REPUBLIKA.CO.ID, BERLIN -- Kanselir Jerman, Olaf Scholz, pada Selasa (20/9/2022) mengatakan, dia sangat kesal karena Turki ingin untuk bergabung dengan badan keamanan Asia Tengah yang didirikan oleh Rusia dan China. Sebelumnya Presiden Turki Tayyip Erdogan menargetkan keanggotaan Turki untuk Organisasi Kerjasama Shanghai (SCO).

"Ini bukan organisasi yang memberikan kontribusi penting untuk koeksistensi global yang baik," kata Scholz di Majelis Umum PBB di New York, setelah bertemu dengan Erdogan.

Baca Juga

"Jadi saya sangat kesal dengan perkembangan ini. Tetapi pada akhirnya, penting untuk menyepakati apa yang mendorong kami untuk menjelaskan bahwa perang Rusia di Ukraina mungkin tidak akan berhasil," kata Scholz menambahkan.

Secara terpisah, Scholz mengatakan setiap referendum yang diadakan di wilayah Ukraina timur yang telah direbut oleh pasukan Rusia adalah referendum palsu dan tidak dapat diterima. Dia juga mengatakan, kemungkinan Rusia berupaya untuk menghentikan ekspor gandum Ukraina. 
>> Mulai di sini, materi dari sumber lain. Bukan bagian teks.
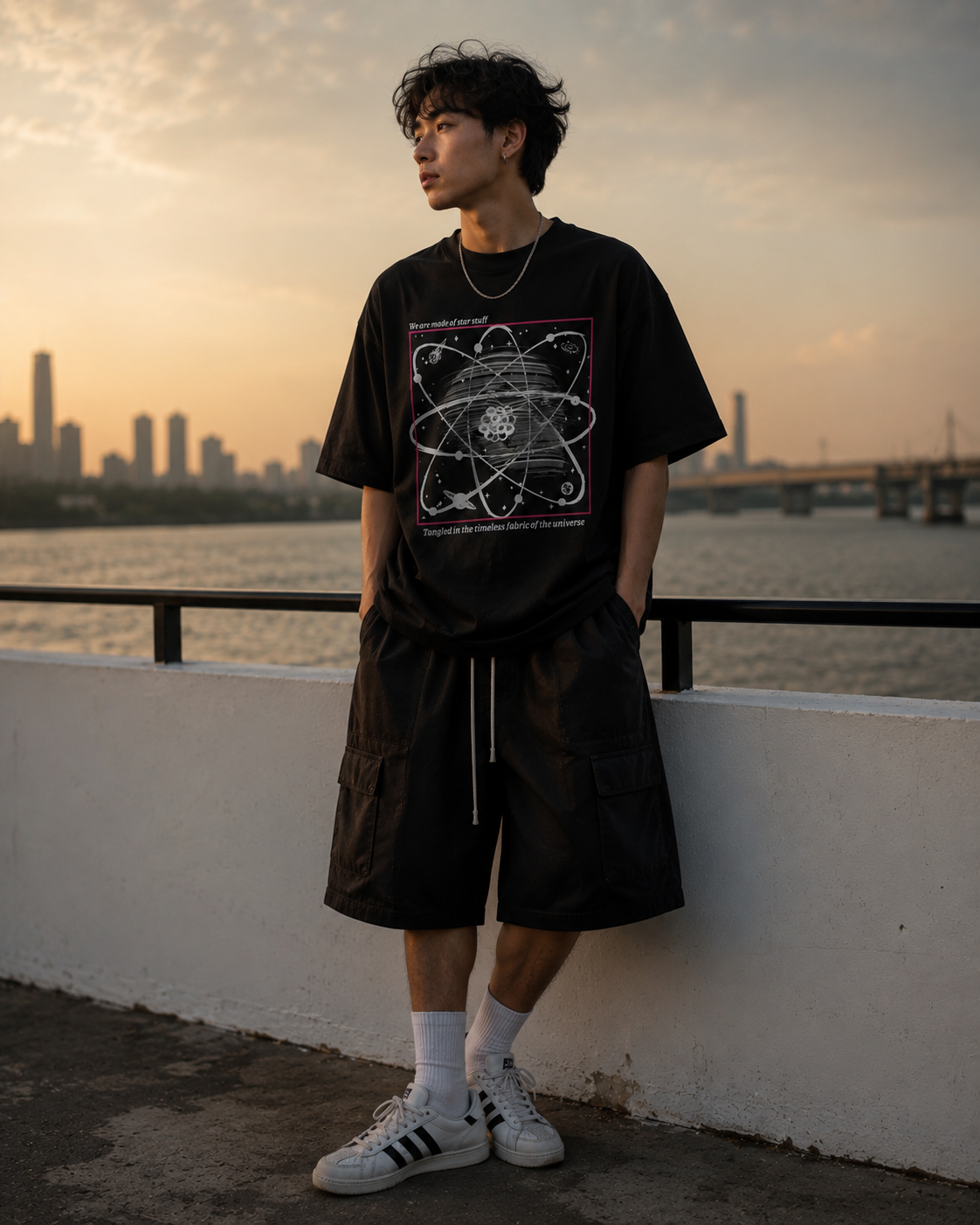 Person wearing a black t-shirt with a graphic design and black shorts, standing by a waterfront with a city skyline in the background. Stylist streetwear tee, comfy formal tee, fashion tee, graphic tee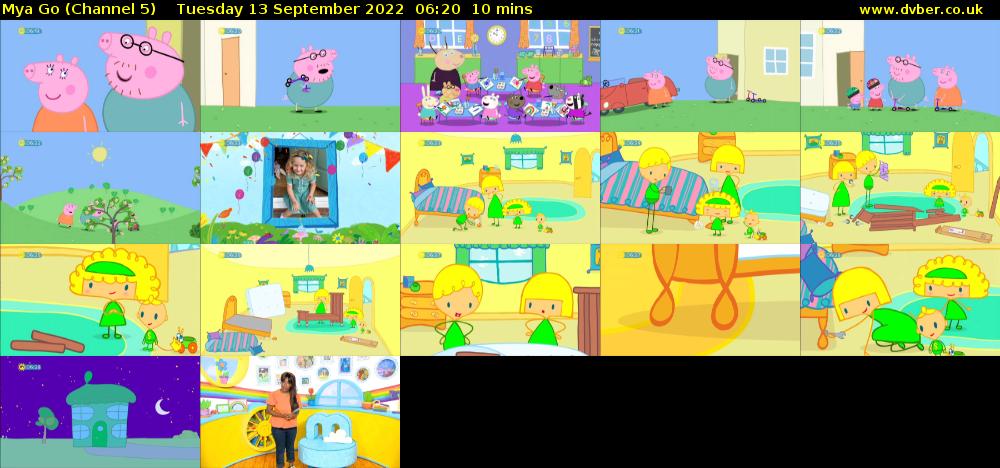 Mya Go (Channel 5) Tuesday 13 September 2022 06:20 - 06:30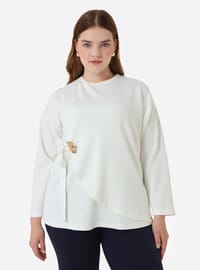 Side Tie Detail Blouse Pants Plus Size Set Navy Blue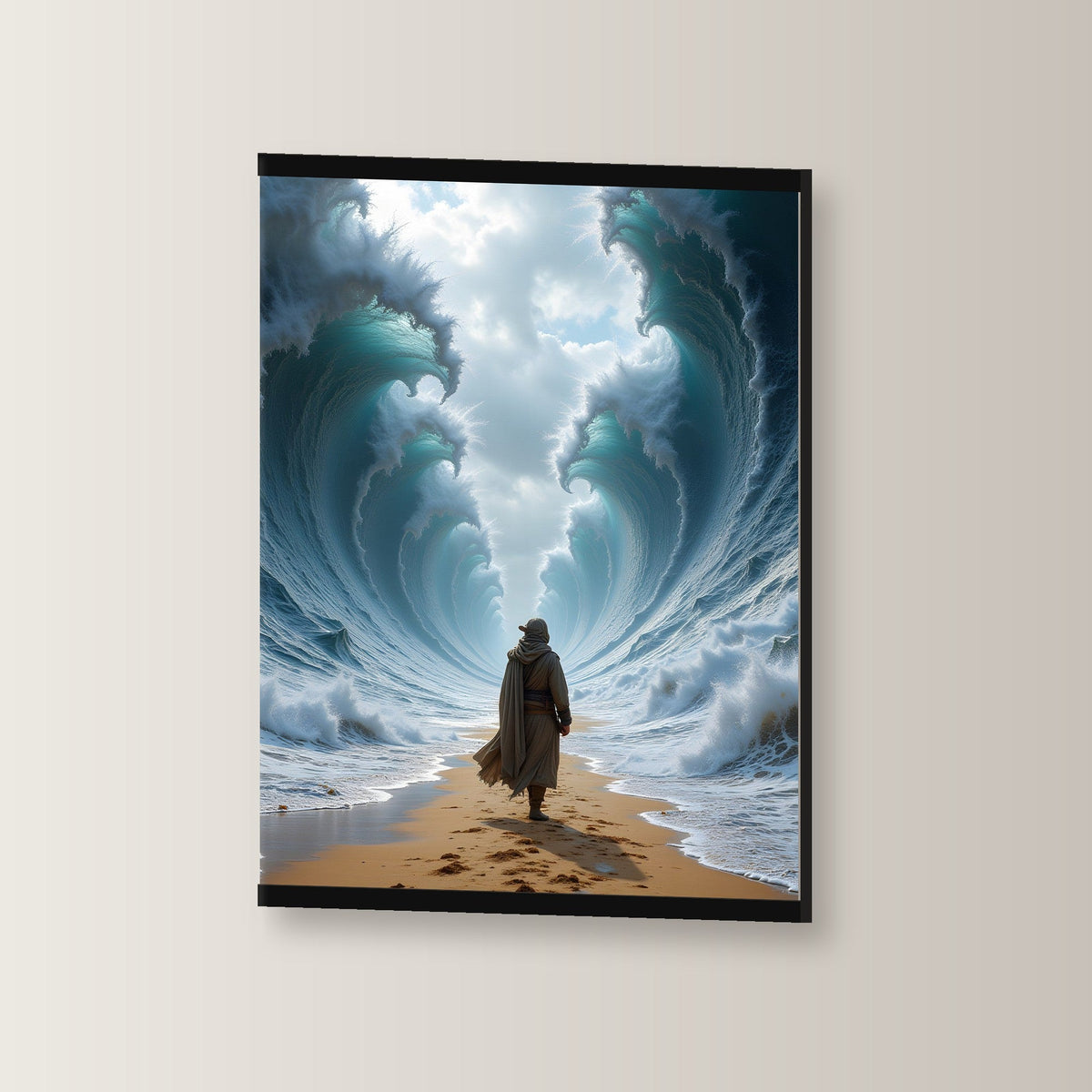 Der Wasserpfad als Poster mit schwarzer Holzleiste, leicht gedreht an der Wand fotografiert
Presiden China Xi Jinping, bersama Presiden Rusia Vladimir Putin serta para pemimpin dari India dan negara-negara Asia Tengah menuju ke Uzbekistan pada Kamis (15/9/2022) untuk menghadiri pertemuan puncak. Mereka menggelar konferensi organisasi keamanan yang dibentuk oleh Beijing dan Moskow sebagai penyeimbang atas pengaruh Amerika Serikat (AS).

Konferensi SCO yang memiliki delapan negara anggota terjadi pada saat Rusia mendapatkan berbagai macam sanksi dari Barat atas invasinya di Ukraina. Sementara hubungan Beijing dengan Washington, Eropa, Jepang dan India mengalami ketegangan karena perselisihan mengenai teknologi, keamanan dan wilayah.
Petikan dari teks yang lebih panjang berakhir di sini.